| 4 fette | lonza di vitello da 150 g l'una |
| 200 g | pangrattato fine |
| 2 | uova |
| 100 g | farina |
| 300 ml | burro chiarificato |
| 1 presa | sale fino |
| 1 presa | pepe nero macinato |
| 1 | limone |
Il difetto piu comune è battere la carne con colpi leggeri e piuttosto veloci, oppure al contrario schiacciarla tutta da una parte senza rispettare l'uniformità. Se la fetta rimane troppo spessa, tipo 1 centimetro, dentro non cuoce bene e la carne resta tiepida mentre fuori la panatura brucia. Se la batti troppo sottile, sotto mezzo centimetro, il burro la disidrata in pochi secondi e diventa asciutta e fibrosa. Il giusto mezzo di circa 5 millimetri permette alla carne di cuocersi a fuoco vivo senza seccarsi, e alla panatura di dorarsi senza bruciare.
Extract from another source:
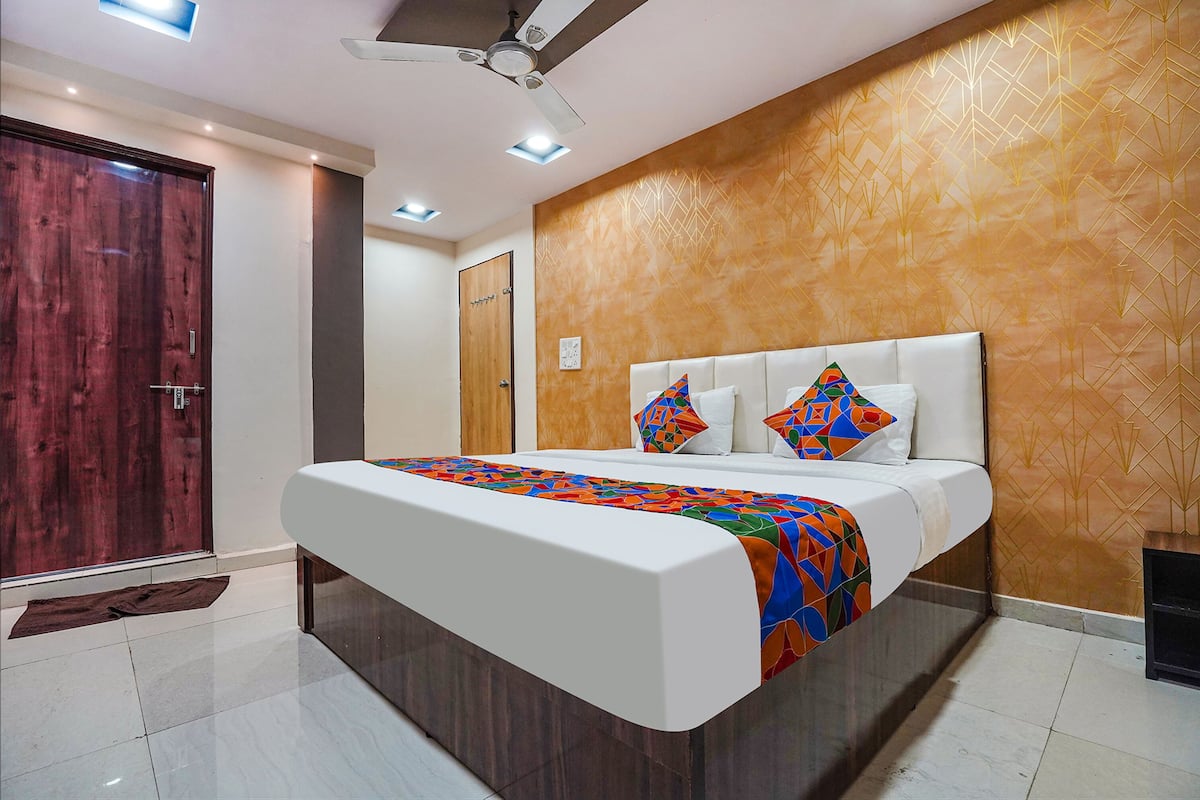 A modern bedroom with a large bed, a ceiling fan, and a wooden door.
In trattoria vedevo mio padre battere le cotolette sul tavolo di marmo con un vecchio mallets di legno. Non aveva fretta, non faceva casino. Era un movimento che conosceva da trentanni. Quando ho aperto con lui i servizi scolastici, ho dovuto moltiplicare quel gesto per cinquanta cotolette al giorno, per quattro giorni alla settimana. Impari subito se sbagli: la prima volta i bambini le mangiano, la seconda no. Dopo un mese di mense capisci che lo spessore non è un dettaglio. È la differenza tra una cotoletta che nutre e una che lasci nel piatto. Mia madre mi diceva sempre che i bambini mangiavano con gli occhi prima che con la bocca, ma in realtà mangiavano con i denti. Una cotoletta gommosa non tornerà mai al tavolo.